Assignment: Nothing but the text should be carried over: reproduce all the data exactly and leave out every image.

Data shown:
"""
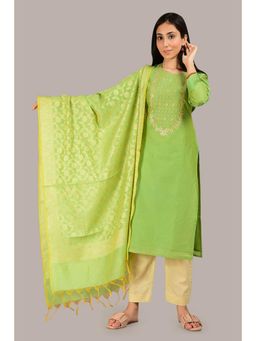 Biba - Green Unstitched dress material Suit Set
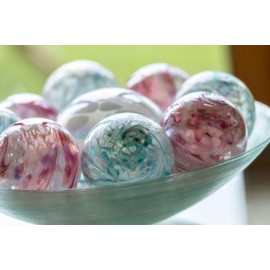 Hanging Glass Friendship Ball 10cm diameter , Pale Blue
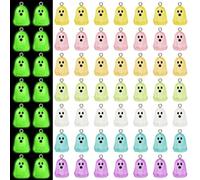 84PCS Halloween Glow in the Dark Mini Resin Ghost Charms for Jewelry Making | 7-Color Glow-in-the-Dark Resin Ghost Charms for Earrings, Bracelets, Necklaces, Keychains and Halloween DIY Crafts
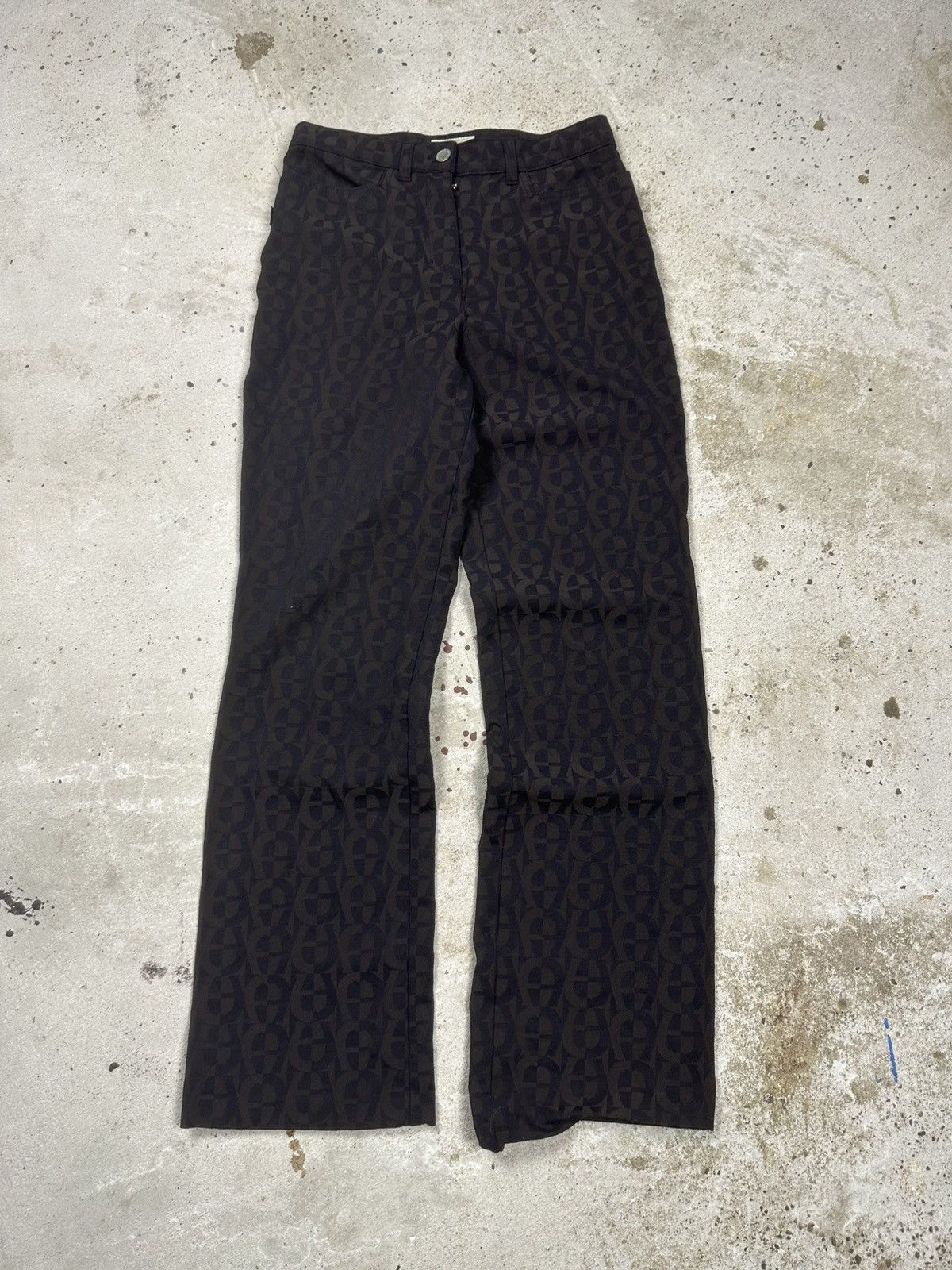 Aigner Vintage 90s Aigner Monogram Nylon Bootcut Flare Pants Size 30" / US 8 / IT 44 - 1 Thumbnail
"""
Answer section:
 Biba - Green Unstitched dress material Suit Set
 Hanging Glass Friendship Ball 10cm diameter , Pale Blue
 84PCS Halloween Glow in the Dark Mini Resin Ghost Charms for Jewelry Making | 7-Color Glow-in-the-Dark Resin Ghost Charms for Earrings, Bracelets, Necklaces, Keychains and Halloween DIY Crafts
 Aigner Vintage 90s Aigner Monogram Nylon Bootcut Flare Pants Size 30" / US 8 / IT 44 - 1 Thumbnail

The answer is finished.